**Data section**
-.-.-

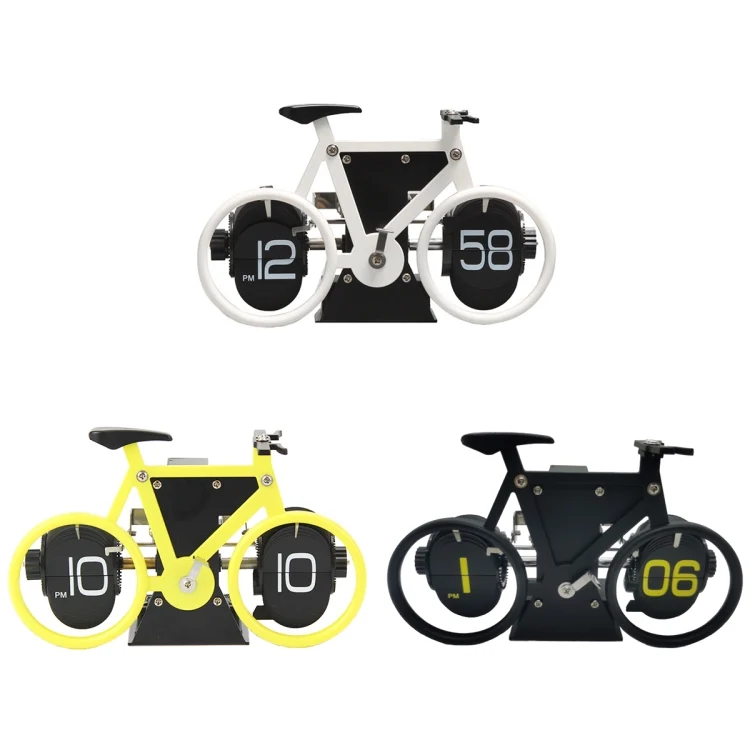 TBD0603341401_B1.webp HY-F087 Retro Bicycle Shape Automatic Flip Home Decorative Turning Clock - Image 2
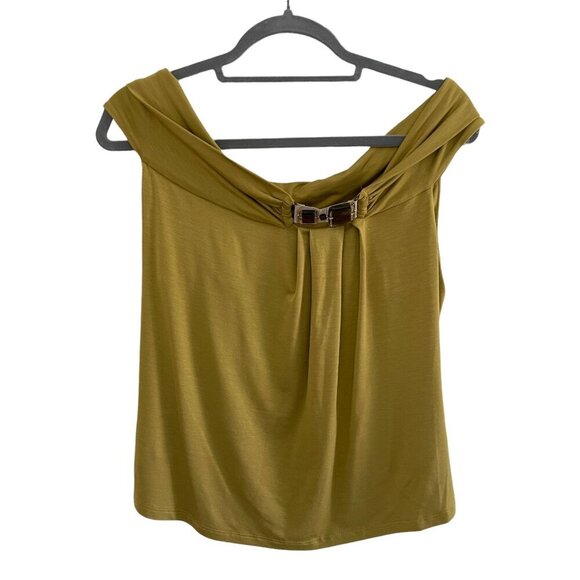 MaxMara Olive Green Embellished Cowl Neck Sleeveless Top Size M Stretch - Picture 8 of 8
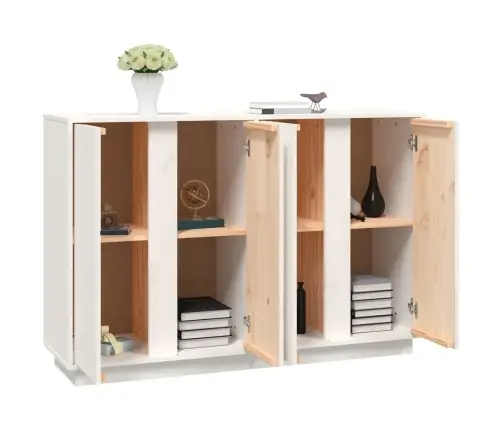 Kumode, Balta, 120X35X80 Cm, Priedes Masīvkoks Vidaxl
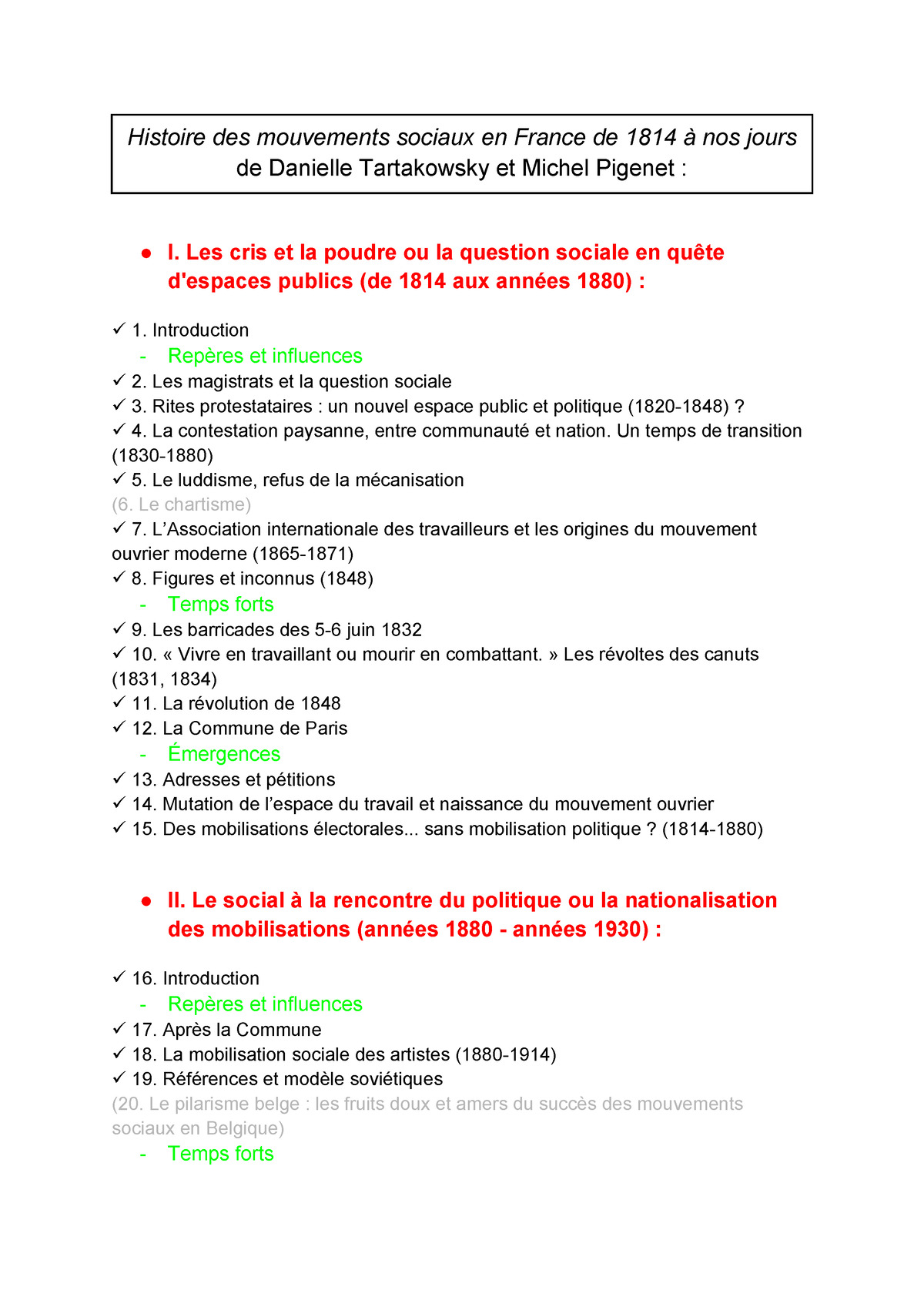 Fiche Histoire Des Mouvements Sociaux De Michel Pigenet Et Danièle ...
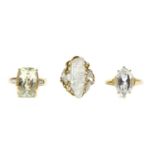 A 9ct gold spodumene and diamond ring,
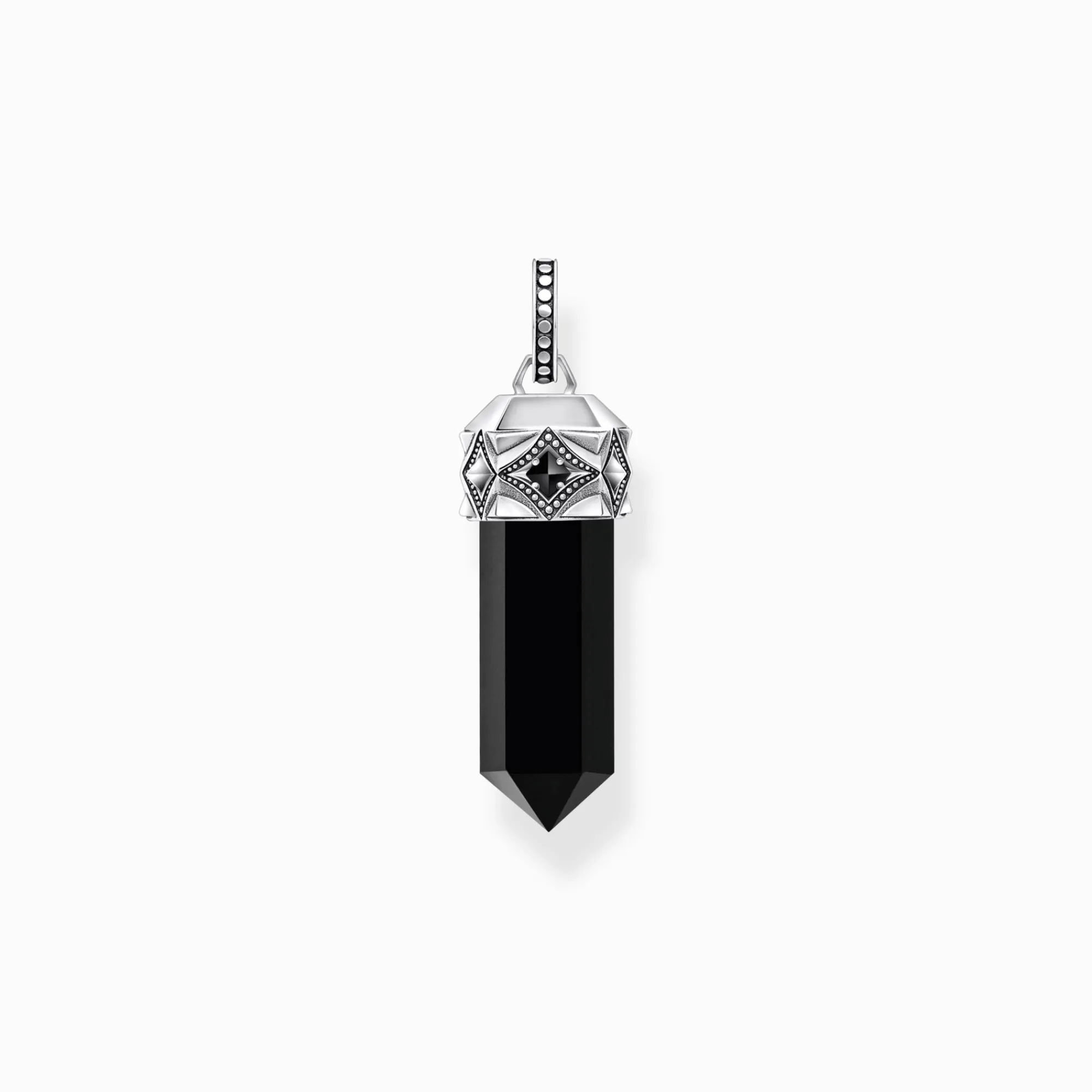 Women THOMAS SABO Pendants|Pendants-Silver blackened pendant with hexagon-cut black onyx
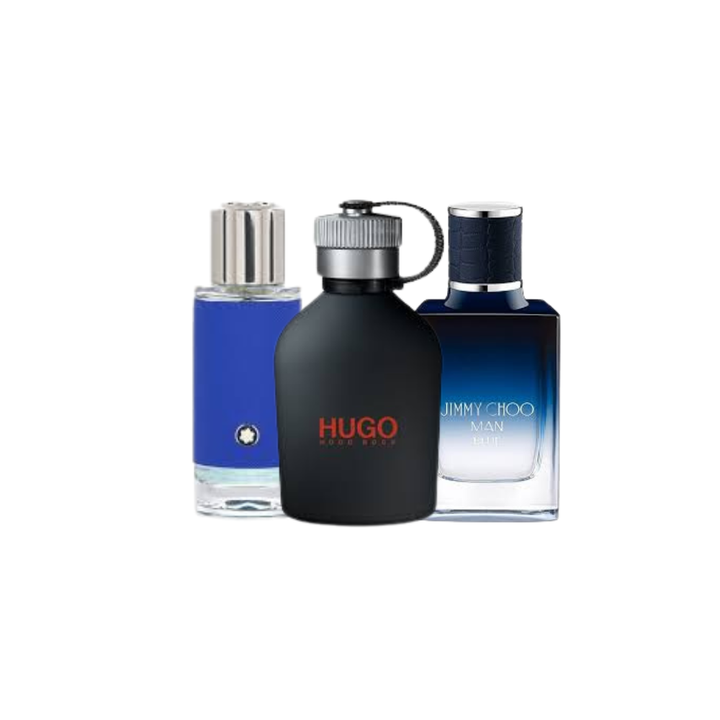 Three perfume bottles on a white background, including a black one with 'Hugo' branding.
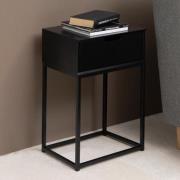 Mulvane Wooden 1 Drawer Bedside Table In Black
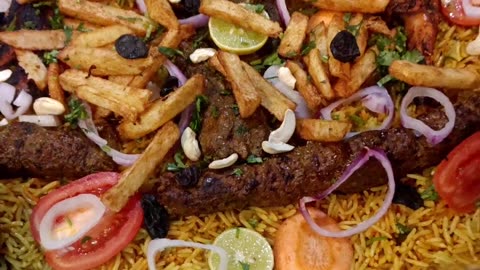 Turkish kabab with mandii rice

-.-.-

**What to do**
The result should be every entry, word for word, and no pictures.

**Solution for this exercise**
 TBD0603341401_B1.webp HY-F087 Retro Bicycle Shape Automatic Flip Home Decorative Turning Clock - Image 2
 MaxMara Olive Green Embellished Cowl Neck Sleeveless Top Size M Stretch - Picture 8 of 8
 Kumode, Balta, 120X35X80 Cm, Priedes Masīvkoks Vidaxl
 Fiche Histoire Des Mouvements Sociaux De Michel Pigenet Et Danièle ...
 A 9ct gold spodumene and diamond ring,
 Women THOMAS SABO Pendants|Pendants-Silver blackened pendant with hexagon-cut black onyx
 Three perfume bottles on a white background, including a black one with 'Hugo' branding.
 Mulvane Wooden 1 Drawer Bedside Table In Black
 Turkish kabab with mandii rice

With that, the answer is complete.